* **Data**
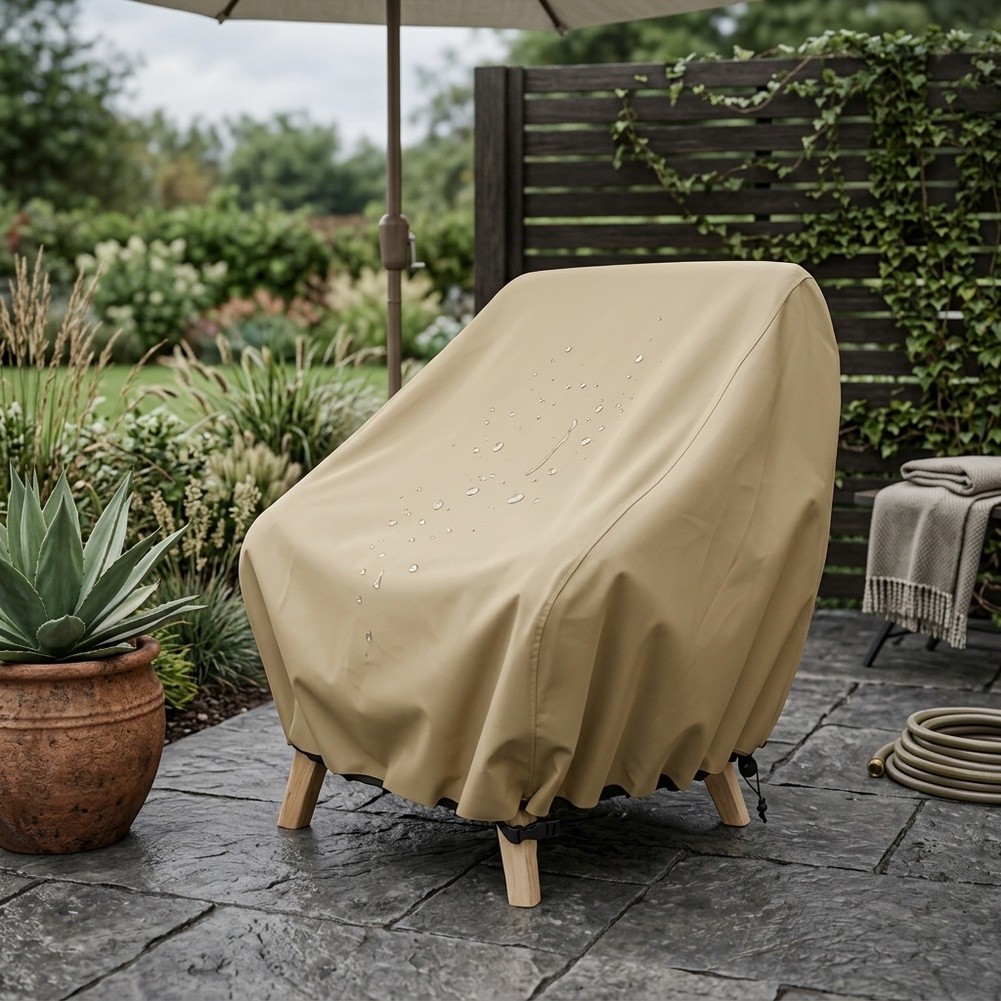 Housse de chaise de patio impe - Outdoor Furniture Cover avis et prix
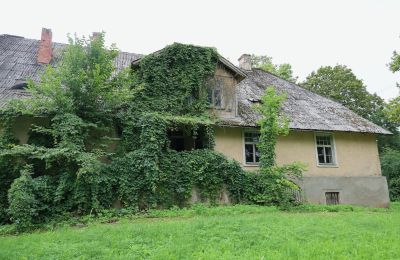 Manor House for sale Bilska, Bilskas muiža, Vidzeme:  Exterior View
* * *
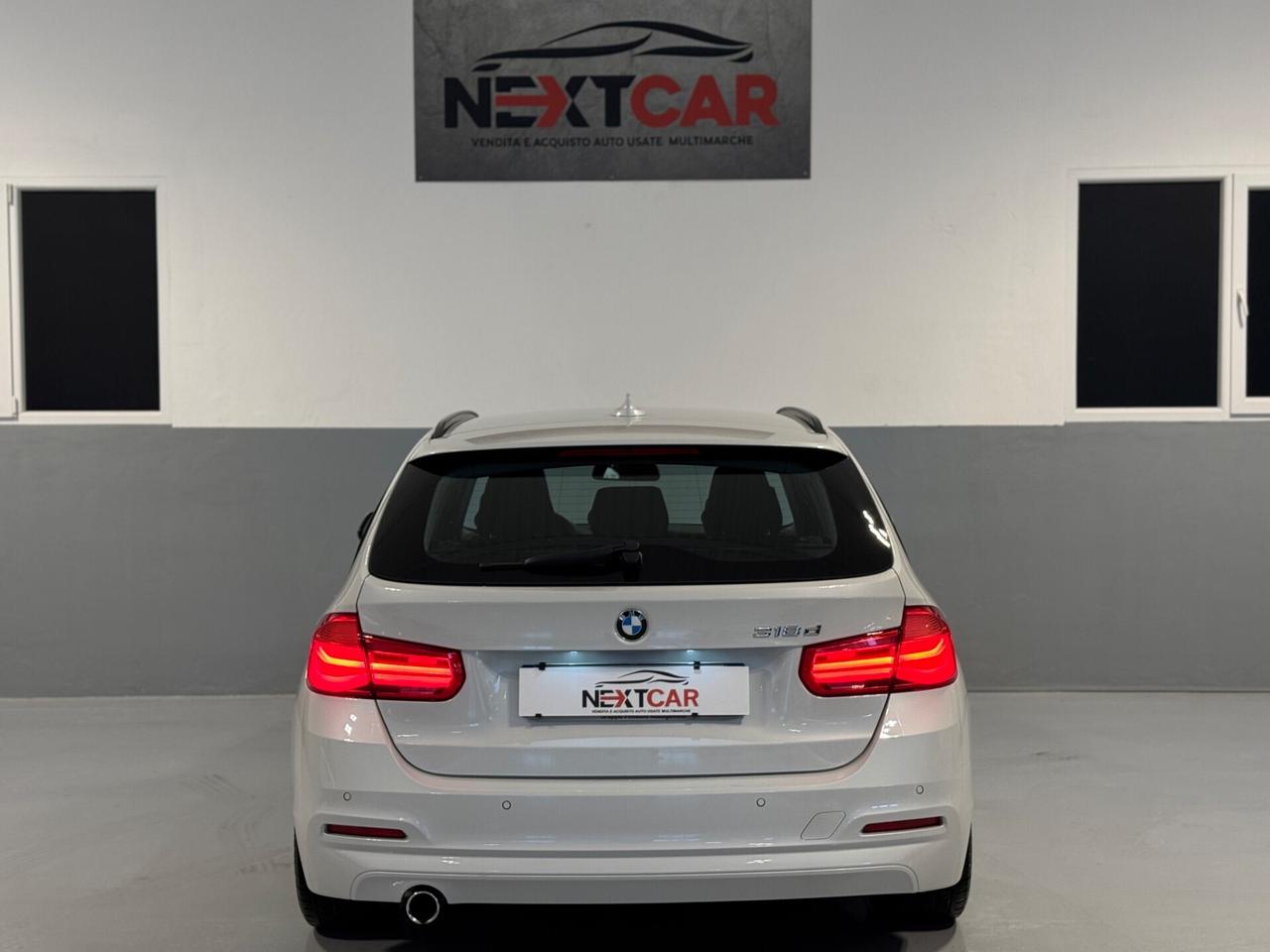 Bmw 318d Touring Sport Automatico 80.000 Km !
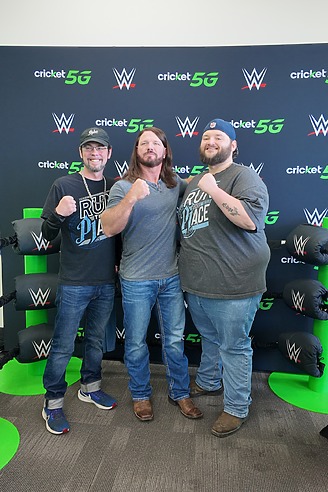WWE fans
==
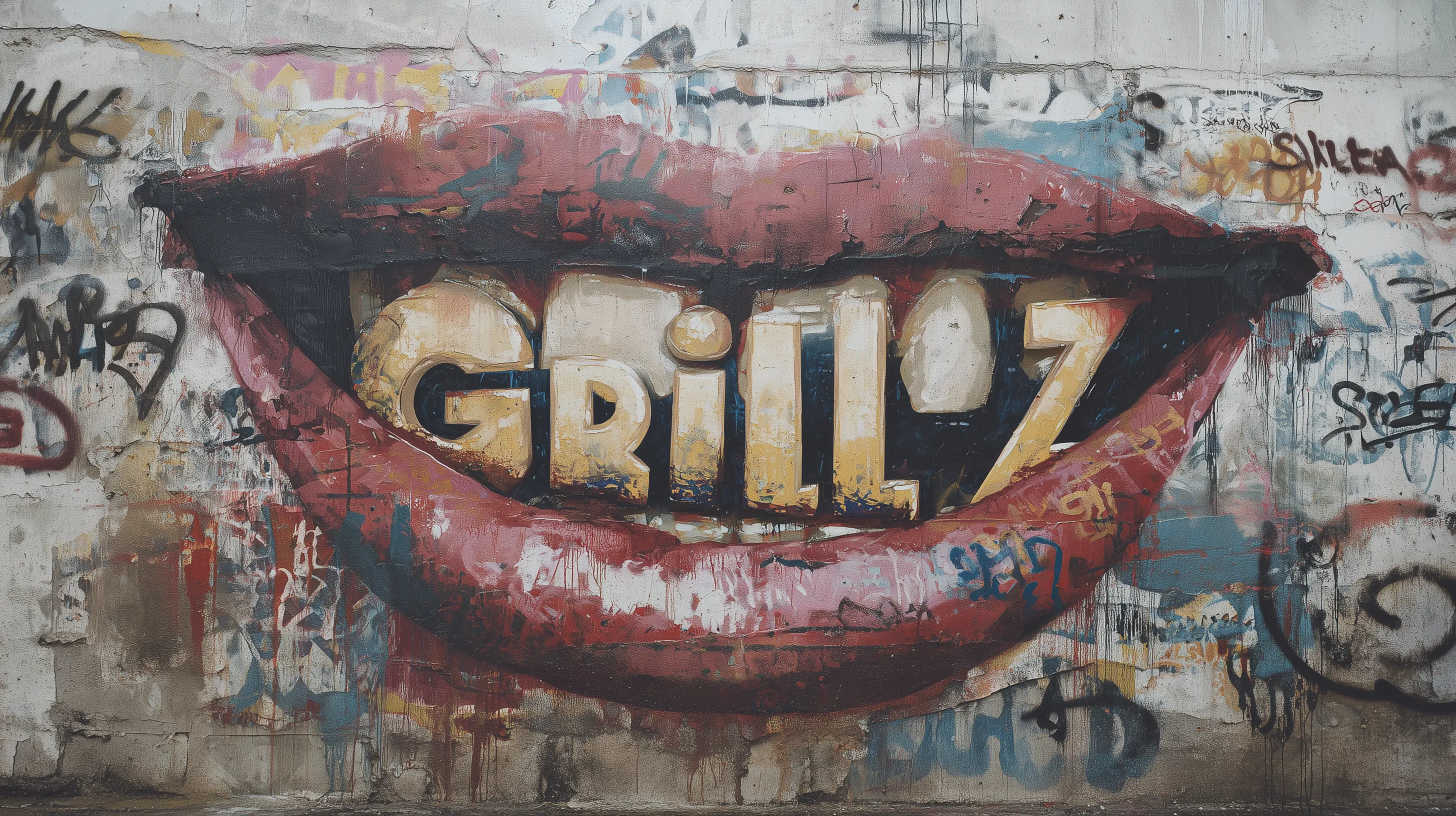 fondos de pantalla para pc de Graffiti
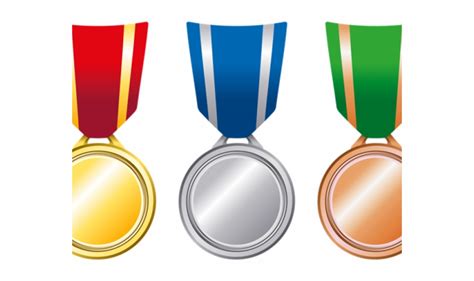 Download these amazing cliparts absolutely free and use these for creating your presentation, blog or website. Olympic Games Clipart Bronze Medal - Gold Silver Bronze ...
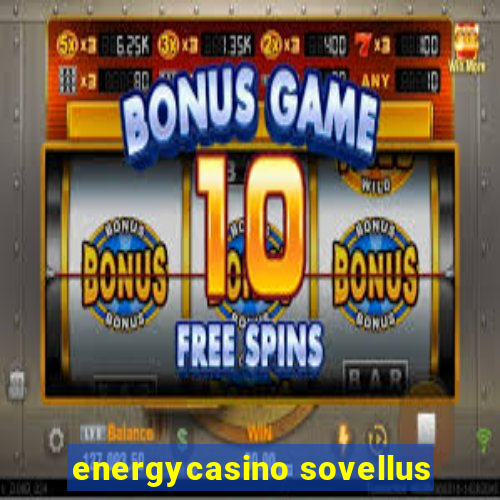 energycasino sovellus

* **Problem to solve**
Go to the line above that contains "fondos de pantalla para pc de Graffiti" and reproduce everything exactly from there through the line that contains "energycasino sovellus", leaving out the pictures.

* **Answer area**
 fondos de pantalla para pc de Graffiti
 Download these amazing cliparts absolutely free and use these for creating your presentation, blog or website. Olympic Games Clipart Bronze Medal - Gold Silver Bronze ...
 energycasino sovellus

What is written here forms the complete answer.